Here’s the argument.  Joshua 22:10, “When they came to the region of the Jordan which is in the land of Canaan, the sons of Reuben and the sons of Gad and the half-tribe of Manasseh built an altar there by the Jordan, a large altar in appearance.”  We know it was big and it was patterned after the true altar but bigger.  It was conspicuous.  You could see it from a distance.  Some say, “If they built it right on the west, it was so large, if you are living on the east, you could look over the Jordan and could see.  So, it’s probably on the west.”  Joshua 22:11, “And the sons of Israel heard it said, ‘Behold, the sons of Reuben and the sons of Gad and the half-tribe of Manasseh have built an altar at the frontier of the land of Canaan, in the region of the Jordan, on the side belonging to the sons of Israel.”  Well, that settles it.  It’s on the west.  That’s what that looks like.  It looks like it’s as clear as crystal except the sons of Israel are actually on both sides of the river and to build it on the side of the sons of Israel is not 100/% clear.  Most commentators say that it was built on the west.  Some archaeologists think that they have found some of the remnants.  There’s a stone on Mt. Ebal and they say, “This thing was built so it could be seen without a mountain.  The stone is so large that it can be seen thirty miles away.”  So, they say that is part of the altar.  But that’s not clear at all whether that is so.  Not everybody think it’s on the west.  If they built it on the west, that would be on somebody else’s property. 

The question is, how come nobody noticed it?  If somebody built an altar on your property, maybe you would notice it.  If they built it on mine I would notice it.  But they had more property, so maybe it wasn’t developed and they didn’t see it.  We know this, Joshua 22:12, “When the sons of Israel heard of it…”  So, they only learned about it because somebody told them.  There was a leaker.  Somebody spilled it.  “The whole congregation of the sons of Israel gathered themselves at Shiloh to go up against them in war.”

We don’t know how long it was from the time they built the altar to the time they got intelligence and heard about the altar.  Some say it was weeks and some say it was months and maybe days; we don’t know.  I only mention this for your interest because I don’t think it can be proved either way and the principle of worship, “He gave His all and God accepted it and we say thank You,” hasn’t changed whether it’s on the east or whether it’s on the west.  I incline to think, and you might be surprised, but from the arguments I’ve read, I think it was on the east and not on the west.  But I respect those who see it differently, as long as we agree on the spiritual principle.  Remember that they already had a witness in the land.  Remember when they crossed the Jordan they took the stones out of the river bed of the Jordan and they went to Gilgal and built an altar of twelve stones.  So, they are already represented in the land but their argument is, “We want our kids to be able to see it.”  And they wouldn’t have been able to see that.

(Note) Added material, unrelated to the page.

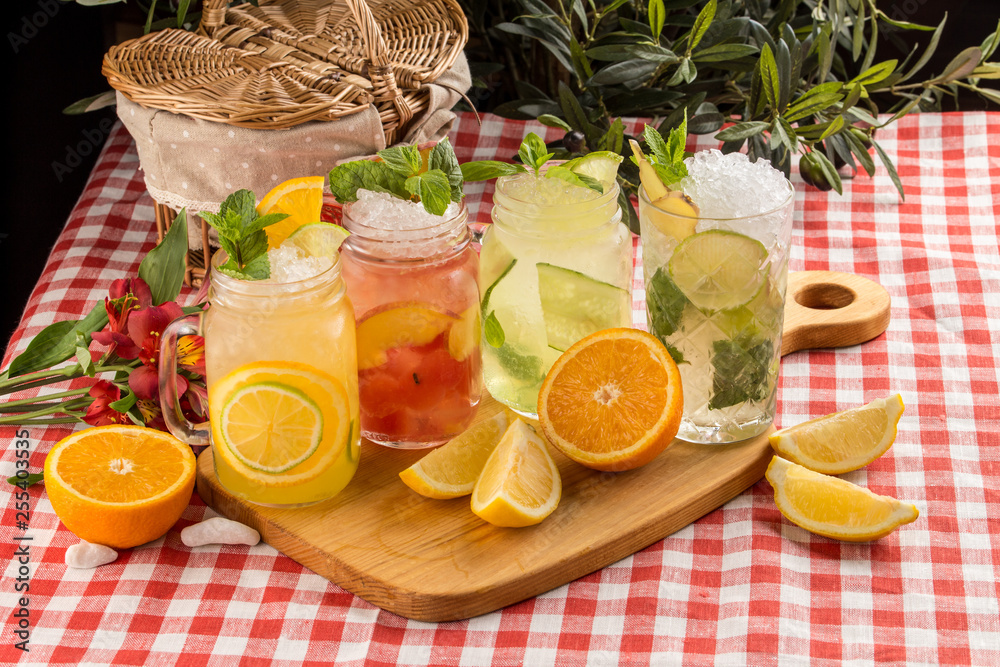 Fototapeta premium Set cold lemonade with lemon, orange and peach on wooden board on textile napkin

If they were going to cross over, in other words, if they weren’t telling the truth, if they said, “This is a copy and we’re never going to use it,” but they planned to use it, it wouldn’t make sense because if they crossed over to use it, it’s on the west.  As long as they are there, they might as well go up to Shiloh and they could go to the true altar.  Josephus, the historian, says that it was on the east.  That’s not why I believe it’s on the east.  I can’t trust Josephus very much.  Sometimes he’s on but sometimes he’s not.

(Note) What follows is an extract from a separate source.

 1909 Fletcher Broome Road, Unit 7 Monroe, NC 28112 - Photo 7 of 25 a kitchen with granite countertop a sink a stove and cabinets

It looks like when they left they went straight home.  Joshua 22:9, “The sons of Reuben and the sons of Gad and the half-tribe of Manasseh returned home and departed from the sons of Israel at Shiloh which is in the land of Canaan, to go to the land of Gilead, to the land of their possession…”  So, it looks like they went home and that they crossed the river and they went home.  It seems so clear, though, when you read verse 11 that it was on the west.  Whether it was on the east or west, some say, if you look at the end of verse 11, “They built an altar on the frontier of the land of Canaan, the region of the Jordan, on the side belonging to the sons of Israel.”  The Hebrew will allow this; they say that the Jordan meandered.  They built the altar where the Jordan meandered.  It wasn’t the altar on that side, but the Jordan was on that side and they built here in order to look over.  I don’t care. 

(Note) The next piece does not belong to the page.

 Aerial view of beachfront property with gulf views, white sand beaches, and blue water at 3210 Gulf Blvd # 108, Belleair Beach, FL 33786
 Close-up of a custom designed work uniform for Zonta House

I don’t know but the story does illustrate a practical principle and that’s why I have mentioned it.  I’ll just say this; the tribes on the east were separated from the tribes on the west and between them was a river; the River Jordan.  Joshua 22:25, “The Lord has made the Jordan a border between us and you and your sons of Reuben, the sons of Gad; you have no portion in the Lord.  So your sons may make our sons stop fearing the Lord.”  I want you to picture in your mind’s eye that the people of God were one; they’re family and we’re family; they are bruised reeds and they are smoking flax but they are family.  So, on the east and on the west they are people of God and there is a separation between them.  I call those on the east “the borderline Christians”.  On the other side, those on the west, were those who had chosen to abide in the land.  You would have those who didn’t want to have reality and those who had reality.  Some would say that these are the legalists over here and these are the victorious over here.  Some call attention to the fact that they went to the inheritance Moses gave them; they are of the law.  We want the inheritance God gave us; we’re of grace.  Some make that distinction.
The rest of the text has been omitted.